>>>

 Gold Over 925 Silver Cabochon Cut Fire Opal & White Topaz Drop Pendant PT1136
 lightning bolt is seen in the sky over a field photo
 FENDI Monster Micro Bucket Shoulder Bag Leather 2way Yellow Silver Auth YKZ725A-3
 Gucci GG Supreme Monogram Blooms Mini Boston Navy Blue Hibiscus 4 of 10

<<<
>>>

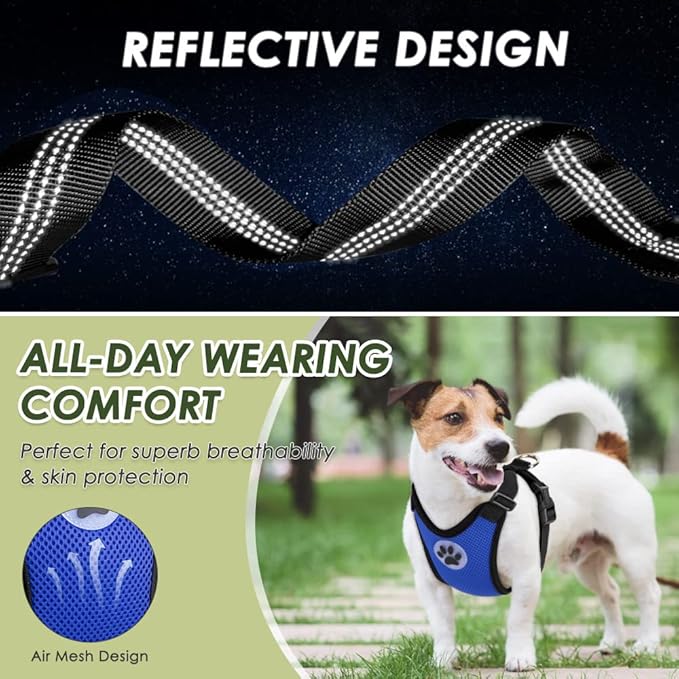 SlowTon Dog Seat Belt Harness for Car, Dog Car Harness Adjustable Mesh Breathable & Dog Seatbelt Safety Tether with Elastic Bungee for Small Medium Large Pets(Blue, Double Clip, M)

<<<

* [What is expected]:
Leave out every line above except those from the line with "Gold Over 925" up to and including the line with "Gucci GG Supreme", and copy those exactly.

* [Task response]:
 Gold Over 925 Silver Cabochon Cut Fire Opal & White Topaz Drop Pendant PT1136
 lightning bolt is seen in the sky over a field photo
 FENDI Monster Micro Bucket Shoulder Bag Leather 2way Yellow Silver Auth YKZ725A-3
 Gucci GG Supreme Monogram Blooms Mini Boston Navy Blue Hibiscus 4 of 10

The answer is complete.